Andrew Behan has kindly provided this research: Herbert Henry Sandford, O.B.E., D.F.M., was born on 19 November 1916 in Islington, the eldest of the three children of Herbert Charles Sandford (1892-1938) and Grace Ellen Sandford née Onley (1891-1977). His brother was Reginald Arthur Sandford (1918-1977) and his sister was Betty Doreen Sandford who was born in 1930. Electoral registers for 1924 show his parents living at 236 Wightman Road, North Haringey, but from 1925 to 1931 they were registered at 119 Princes Avenue, London, N13. The passenger manifest for the 'Balmoral Castle' ship belonging to The Union-Castle Mail Steamship Co Ltd shows him, his parents and both his siblings arriving at Southampton, Hampshire, on 11 August 1932 having departed from Natal, Union of South Africa. Their address in England was recorded as 353 Liverpool Road, London, N1 and his father was shown as an engineer.
The electoral registers of 1933 and 1935 show his parents at 71 Church Street, Stoke Newington, but the 1937 register shows them at 71/73 Church Street, Stoke Newington. The electoral register for 1939 and the 1939 England and Wales Register both record him living with his widowed mother and two siblings at 4 Howard Court, Howard Road, London, N15. His occupation was recorded as an insurance clerk and his mother was a sewing machinist.
He joined the Royal Air Force Volunteer Reserve, service number 1152503 and was awarded the Distinguished Flying Medal whilst serving as a sergeant with 35 Squadron. This was published in the London Gazette on 20 November 1942, but by then he had already received a commission as a Pilot Officer on probation as published in the London Gazette on 27 July 1942.
Electoral registers from 1946 to 1948 show him and his mother at 1 Howard Court, Howard Road, London, N15.
In 1949 he married Jessie I. Traver in Islington and electoral registers from 1949 to 1957 show them both at 15 Alma Square, London, N.W.8. From 1956 to 1965 he was a councillor representing the Hamilton Terrace Ward on the St Marylebone Metropolitan Borough Council.

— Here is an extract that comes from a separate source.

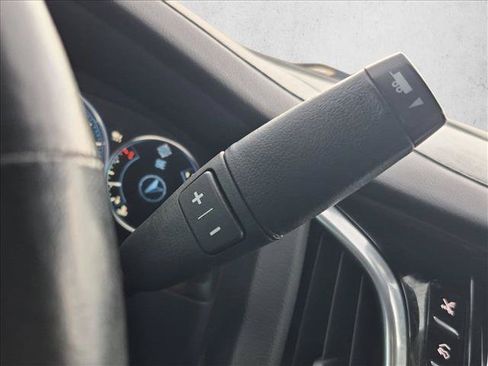 Used 2015 Cadillac Escalade Premium RWD image 12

The electoral registers from 1959 to 1965 show them both living at 6 Knoll House, Carlton Hill, London, N.W.8. He was awarded an O.B.E. in the 1963 Queen's Birthday Honours List as Chairman of the Works Committee, St Marylebone Metropolitan Borough Council. When London boroughs were restructured in 1965 and the St Marylebone Metropolitan Borough Council was abolished, he was elected as a councillor for the Lord's Ward on Westminster City Council and from 1968 to 1978 he served on the council as an alderman. He was a member of the Conservative Party and represented them from 8 April 1976 to 31 March 1986 on the Greater London Council for St Marylebone and was the Chairman of Planning for the Central Area from 24 May 1977.
He died, aged 82 years, on 11 March 1999 in Westminster and was cremated in Islington on 17 March 1999.